▸ Instructions for the task
Locate the line that contains "RENAULT Captur 1.2 T 16V Intens EDC-image-11" in the entries below, then repeat it and every following line through the line that contains "Fifth view of", exactly, and no others.

▸ Given entries
☆ ☆ ☆ ☆

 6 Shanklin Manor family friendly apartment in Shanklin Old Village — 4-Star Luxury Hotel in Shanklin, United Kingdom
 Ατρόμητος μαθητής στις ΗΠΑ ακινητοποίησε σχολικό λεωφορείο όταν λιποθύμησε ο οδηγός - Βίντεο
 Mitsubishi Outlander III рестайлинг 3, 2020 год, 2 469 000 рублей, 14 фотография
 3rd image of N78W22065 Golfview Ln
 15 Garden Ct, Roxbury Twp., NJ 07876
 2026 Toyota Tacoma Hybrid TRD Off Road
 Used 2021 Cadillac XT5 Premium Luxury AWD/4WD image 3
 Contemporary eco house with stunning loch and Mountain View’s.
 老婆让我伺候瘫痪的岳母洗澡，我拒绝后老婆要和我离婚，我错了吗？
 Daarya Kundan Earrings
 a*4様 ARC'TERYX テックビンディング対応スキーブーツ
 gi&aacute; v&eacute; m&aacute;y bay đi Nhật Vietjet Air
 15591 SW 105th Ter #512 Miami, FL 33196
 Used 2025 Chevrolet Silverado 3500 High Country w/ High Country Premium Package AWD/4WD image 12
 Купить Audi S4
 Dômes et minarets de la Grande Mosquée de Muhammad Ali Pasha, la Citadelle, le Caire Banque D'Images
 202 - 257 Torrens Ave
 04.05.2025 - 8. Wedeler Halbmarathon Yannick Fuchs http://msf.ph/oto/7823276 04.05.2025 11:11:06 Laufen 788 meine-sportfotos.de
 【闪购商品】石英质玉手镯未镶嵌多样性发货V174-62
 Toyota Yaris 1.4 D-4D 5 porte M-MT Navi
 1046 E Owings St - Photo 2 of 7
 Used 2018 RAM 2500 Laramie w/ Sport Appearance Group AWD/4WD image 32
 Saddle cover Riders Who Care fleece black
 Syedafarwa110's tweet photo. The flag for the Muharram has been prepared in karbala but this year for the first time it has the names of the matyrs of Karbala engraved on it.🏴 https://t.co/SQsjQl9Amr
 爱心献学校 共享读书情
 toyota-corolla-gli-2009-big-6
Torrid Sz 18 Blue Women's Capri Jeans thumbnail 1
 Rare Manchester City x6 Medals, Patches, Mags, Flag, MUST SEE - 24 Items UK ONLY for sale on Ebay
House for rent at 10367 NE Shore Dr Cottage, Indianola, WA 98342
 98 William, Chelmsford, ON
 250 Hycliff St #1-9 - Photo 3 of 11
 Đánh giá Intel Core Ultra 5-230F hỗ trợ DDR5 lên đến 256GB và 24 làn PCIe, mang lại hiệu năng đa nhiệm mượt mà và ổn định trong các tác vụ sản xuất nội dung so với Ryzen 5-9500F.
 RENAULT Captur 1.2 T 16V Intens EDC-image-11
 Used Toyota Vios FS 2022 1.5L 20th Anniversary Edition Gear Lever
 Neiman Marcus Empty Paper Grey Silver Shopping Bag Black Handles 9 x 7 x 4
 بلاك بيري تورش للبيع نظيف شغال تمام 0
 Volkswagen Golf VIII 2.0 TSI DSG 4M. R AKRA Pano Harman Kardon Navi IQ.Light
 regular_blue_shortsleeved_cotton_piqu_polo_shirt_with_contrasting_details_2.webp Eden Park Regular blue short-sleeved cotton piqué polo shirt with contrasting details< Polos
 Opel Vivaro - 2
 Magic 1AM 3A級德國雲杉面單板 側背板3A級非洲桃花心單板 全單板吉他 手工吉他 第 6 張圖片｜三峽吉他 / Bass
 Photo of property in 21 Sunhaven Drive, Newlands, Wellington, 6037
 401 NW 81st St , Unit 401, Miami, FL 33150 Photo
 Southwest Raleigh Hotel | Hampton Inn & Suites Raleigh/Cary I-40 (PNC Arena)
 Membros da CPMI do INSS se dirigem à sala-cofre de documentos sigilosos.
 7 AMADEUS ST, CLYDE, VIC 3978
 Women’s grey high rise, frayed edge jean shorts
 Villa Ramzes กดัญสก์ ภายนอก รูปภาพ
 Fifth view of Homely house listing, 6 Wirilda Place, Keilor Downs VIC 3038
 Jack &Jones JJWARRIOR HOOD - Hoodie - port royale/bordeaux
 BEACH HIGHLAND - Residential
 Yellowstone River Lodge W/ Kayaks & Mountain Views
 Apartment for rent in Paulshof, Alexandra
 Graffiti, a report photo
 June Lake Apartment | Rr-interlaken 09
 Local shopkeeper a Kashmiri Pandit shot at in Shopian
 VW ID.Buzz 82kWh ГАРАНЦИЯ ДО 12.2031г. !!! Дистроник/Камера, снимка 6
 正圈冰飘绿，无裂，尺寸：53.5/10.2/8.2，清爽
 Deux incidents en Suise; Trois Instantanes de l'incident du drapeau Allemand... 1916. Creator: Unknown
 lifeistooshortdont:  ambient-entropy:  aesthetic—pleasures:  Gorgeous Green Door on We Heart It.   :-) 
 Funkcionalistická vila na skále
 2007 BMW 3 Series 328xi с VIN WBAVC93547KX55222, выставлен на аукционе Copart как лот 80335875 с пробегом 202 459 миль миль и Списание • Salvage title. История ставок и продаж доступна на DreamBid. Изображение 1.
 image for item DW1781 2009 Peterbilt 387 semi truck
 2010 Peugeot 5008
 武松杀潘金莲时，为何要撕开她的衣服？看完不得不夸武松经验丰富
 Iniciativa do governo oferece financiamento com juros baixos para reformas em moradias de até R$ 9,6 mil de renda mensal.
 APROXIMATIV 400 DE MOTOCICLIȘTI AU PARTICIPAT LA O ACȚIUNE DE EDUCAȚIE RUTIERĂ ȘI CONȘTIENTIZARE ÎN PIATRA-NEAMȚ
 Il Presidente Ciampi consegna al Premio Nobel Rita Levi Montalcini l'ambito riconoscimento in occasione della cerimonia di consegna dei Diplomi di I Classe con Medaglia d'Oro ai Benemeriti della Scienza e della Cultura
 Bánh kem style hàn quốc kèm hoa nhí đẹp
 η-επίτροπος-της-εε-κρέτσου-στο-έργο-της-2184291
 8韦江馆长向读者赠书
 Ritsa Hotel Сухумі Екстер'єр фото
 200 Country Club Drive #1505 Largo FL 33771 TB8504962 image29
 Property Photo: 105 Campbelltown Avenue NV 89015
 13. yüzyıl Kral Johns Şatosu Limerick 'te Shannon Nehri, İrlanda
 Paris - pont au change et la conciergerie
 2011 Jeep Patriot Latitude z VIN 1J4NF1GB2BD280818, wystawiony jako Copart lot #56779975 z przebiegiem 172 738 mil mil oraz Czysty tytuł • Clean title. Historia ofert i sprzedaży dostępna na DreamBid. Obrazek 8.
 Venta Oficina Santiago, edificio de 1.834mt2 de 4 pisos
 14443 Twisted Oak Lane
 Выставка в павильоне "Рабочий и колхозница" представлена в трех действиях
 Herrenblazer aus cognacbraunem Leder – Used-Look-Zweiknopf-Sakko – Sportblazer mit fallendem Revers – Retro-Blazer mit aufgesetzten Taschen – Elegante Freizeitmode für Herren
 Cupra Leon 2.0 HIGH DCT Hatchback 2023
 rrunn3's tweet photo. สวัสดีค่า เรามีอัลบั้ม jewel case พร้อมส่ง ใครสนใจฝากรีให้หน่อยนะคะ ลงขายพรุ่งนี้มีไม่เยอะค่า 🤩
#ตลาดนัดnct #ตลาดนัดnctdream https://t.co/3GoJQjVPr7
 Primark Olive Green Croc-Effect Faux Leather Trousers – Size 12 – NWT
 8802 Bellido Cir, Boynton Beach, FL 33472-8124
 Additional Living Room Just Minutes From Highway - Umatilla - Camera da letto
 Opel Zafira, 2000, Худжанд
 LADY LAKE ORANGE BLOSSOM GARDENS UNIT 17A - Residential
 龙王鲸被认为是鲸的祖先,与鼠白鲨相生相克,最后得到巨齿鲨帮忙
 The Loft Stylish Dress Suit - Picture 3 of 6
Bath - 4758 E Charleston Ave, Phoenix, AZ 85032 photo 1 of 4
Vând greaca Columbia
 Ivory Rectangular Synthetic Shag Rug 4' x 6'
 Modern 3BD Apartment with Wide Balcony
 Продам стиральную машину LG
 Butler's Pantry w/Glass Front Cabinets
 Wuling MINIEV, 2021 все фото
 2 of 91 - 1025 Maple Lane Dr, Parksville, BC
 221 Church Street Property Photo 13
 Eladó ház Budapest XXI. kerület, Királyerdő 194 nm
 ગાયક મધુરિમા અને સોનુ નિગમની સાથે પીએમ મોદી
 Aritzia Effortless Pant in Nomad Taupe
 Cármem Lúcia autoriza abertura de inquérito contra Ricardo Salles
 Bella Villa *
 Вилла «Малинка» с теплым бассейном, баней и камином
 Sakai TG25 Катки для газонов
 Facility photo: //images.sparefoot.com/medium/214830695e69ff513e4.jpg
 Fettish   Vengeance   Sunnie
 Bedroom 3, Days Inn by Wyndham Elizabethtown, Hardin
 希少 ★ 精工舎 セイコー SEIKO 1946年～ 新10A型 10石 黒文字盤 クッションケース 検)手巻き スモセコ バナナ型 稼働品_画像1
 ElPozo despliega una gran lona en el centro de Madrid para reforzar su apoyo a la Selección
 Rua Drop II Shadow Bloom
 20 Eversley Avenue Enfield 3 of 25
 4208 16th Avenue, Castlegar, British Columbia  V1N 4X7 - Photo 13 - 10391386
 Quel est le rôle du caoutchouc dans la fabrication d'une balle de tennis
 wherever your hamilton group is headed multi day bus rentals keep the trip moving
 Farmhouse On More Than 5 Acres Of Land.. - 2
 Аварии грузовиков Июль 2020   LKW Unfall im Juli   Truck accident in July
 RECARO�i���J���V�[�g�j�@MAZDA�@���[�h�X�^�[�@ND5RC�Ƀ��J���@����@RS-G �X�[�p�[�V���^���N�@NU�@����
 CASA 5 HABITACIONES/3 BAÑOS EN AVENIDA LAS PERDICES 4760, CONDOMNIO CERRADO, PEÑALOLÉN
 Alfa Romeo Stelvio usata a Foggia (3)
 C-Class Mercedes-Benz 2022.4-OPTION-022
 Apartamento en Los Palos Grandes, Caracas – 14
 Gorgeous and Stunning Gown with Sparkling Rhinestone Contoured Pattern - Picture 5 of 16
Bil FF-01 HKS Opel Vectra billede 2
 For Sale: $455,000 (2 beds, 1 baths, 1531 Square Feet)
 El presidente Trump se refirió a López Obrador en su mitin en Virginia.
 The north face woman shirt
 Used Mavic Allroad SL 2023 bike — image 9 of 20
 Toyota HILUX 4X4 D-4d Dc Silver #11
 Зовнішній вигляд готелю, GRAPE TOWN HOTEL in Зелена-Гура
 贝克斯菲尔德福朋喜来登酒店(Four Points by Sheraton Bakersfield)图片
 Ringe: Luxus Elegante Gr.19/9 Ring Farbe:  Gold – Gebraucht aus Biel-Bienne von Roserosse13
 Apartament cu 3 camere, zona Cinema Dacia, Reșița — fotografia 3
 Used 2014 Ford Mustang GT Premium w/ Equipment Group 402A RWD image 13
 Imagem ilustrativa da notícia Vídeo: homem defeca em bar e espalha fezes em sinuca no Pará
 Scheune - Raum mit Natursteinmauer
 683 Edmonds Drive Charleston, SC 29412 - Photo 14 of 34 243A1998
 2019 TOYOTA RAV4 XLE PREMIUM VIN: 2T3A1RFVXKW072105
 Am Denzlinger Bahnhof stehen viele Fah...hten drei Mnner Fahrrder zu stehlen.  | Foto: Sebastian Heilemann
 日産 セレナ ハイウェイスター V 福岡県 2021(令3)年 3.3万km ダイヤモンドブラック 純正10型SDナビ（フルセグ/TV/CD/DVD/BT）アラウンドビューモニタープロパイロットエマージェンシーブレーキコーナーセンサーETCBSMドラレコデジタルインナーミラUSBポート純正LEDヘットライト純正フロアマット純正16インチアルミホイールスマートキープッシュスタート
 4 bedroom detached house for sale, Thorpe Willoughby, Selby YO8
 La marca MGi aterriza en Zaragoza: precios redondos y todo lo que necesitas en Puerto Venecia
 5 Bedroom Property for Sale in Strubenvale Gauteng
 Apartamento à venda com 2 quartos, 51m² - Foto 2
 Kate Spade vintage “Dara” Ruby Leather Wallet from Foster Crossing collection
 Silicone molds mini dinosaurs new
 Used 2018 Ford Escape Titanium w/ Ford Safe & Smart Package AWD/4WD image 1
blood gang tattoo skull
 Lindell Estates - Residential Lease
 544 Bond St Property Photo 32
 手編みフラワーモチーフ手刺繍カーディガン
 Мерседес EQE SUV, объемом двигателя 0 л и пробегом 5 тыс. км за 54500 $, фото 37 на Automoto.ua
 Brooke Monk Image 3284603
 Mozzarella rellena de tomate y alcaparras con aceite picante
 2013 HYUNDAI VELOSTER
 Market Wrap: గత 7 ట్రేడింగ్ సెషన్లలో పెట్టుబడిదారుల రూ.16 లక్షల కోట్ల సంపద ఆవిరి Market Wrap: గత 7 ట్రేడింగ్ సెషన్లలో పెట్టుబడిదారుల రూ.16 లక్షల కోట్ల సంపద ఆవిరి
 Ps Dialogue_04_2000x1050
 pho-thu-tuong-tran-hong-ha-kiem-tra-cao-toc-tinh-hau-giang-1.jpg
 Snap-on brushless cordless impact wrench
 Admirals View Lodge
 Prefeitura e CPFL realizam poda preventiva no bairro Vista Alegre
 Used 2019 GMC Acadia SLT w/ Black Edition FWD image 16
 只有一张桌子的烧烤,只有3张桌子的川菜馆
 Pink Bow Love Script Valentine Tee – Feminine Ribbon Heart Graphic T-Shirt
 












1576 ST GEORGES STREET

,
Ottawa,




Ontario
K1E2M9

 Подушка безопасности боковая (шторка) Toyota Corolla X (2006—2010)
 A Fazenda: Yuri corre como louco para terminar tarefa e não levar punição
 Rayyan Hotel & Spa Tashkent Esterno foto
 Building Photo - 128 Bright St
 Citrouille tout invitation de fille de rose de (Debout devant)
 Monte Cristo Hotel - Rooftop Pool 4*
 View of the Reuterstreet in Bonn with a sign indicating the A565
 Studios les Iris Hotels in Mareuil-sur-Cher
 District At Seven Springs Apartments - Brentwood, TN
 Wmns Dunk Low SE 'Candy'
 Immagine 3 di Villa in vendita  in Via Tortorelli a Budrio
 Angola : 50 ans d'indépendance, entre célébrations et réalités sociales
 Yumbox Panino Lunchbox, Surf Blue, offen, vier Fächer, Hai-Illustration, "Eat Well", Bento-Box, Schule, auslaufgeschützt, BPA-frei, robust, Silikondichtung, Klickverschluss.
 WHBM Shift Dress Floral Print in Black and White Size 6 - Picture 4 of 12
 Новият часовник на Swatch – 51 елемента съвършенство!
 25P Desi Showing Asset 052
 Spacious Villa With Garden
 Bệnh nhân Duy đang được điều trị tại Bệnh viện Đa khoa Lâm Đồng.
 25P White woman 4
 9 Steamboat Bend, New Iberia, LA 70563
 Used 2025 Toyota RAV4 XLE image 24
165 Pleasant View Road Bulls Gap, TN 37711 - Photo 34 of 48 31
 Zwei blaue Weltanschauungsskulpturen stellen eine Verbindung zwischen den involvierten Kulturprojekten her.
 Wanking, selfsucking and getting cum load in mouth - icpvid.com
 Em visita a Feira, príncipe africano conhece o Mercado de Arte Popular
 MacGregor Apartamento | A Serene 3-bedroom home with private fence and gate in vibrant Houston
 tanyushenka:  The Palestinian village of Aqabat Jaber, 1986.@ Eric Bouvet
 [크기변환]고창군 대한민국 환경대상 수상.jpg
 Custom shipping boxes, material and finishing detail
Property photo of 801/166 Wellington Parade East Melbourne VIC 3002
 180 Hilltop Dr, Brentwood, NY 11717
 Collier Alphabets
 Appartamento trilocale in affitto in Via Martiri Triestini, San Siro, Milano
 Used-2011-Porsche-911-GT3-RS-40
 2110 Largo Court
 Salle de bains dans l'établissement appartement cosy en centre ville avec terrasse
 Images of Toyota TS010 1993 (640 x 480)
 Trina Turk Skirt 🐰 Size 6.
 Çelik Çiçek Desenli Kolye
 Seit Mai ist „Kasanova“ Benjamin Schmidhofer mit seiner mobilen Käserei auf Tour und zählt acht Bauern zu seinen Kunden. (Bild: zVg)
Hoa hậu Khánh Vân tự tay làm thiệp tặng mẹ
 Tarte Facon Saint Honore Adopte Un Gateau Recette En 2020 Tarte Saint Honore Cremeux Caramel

☆ ☆ ☆ ☆

▸ Solution
 RENAULT Captur 1.2 T 16V Intens EDC-image-11
 Used Toyota Vios FS 2022 1.5L 20th Anniversary Edition Gear Lever
 Neiman Marcus Empty Paper Grey Silver Shopping Bag Black Handles 9 x 7 x 4
 بلاك بيري تورش للبيع نظيف شغال تمام 0
 Volkswagen Golf VIII 2.0 TSI DSG 4M. R AKRA Pano Harman Kardon Navi IQ.Light
 regular_blue_shortsleeved_cotton_piqu_polo_shirt_with_contrasting_details_2.webp Eden Park Regular blue short-sleeved cotton piqué polo shirt with contrasting details< Polos
 Opel Vivaro - 2
 Magic 1AM 3A級德國雲杉面單板 側背板3A級非洲桃花心單板 全單板吉他 手工吉他 第 6 張圖片｜三峽吉他 / Bass
 Photo of property in 21 Sunhaven Drive, Newlands, Wellington, 6037
 401 NW 81st St , Unit 401, Miami, FL 33150 Photo
 Southwest Raleigh Hotel | Hampton Inn & Suites Raleigh/Cary I-40 (PNC Arena)
 Membros da CPMI do INSS se dirigem à sala-cofre de documentos sigilosos.
 7 AMADEUS ST, CLYDE, VIC 3978
 Women’s grey high rise, frayed edge jean shorts
 Villa Ramzes กดัญสก์ ภายนอก รูปภาพ
 Fifth view of Homely house listing, 6 Wirilda Place, Keilor Downs VIC 3038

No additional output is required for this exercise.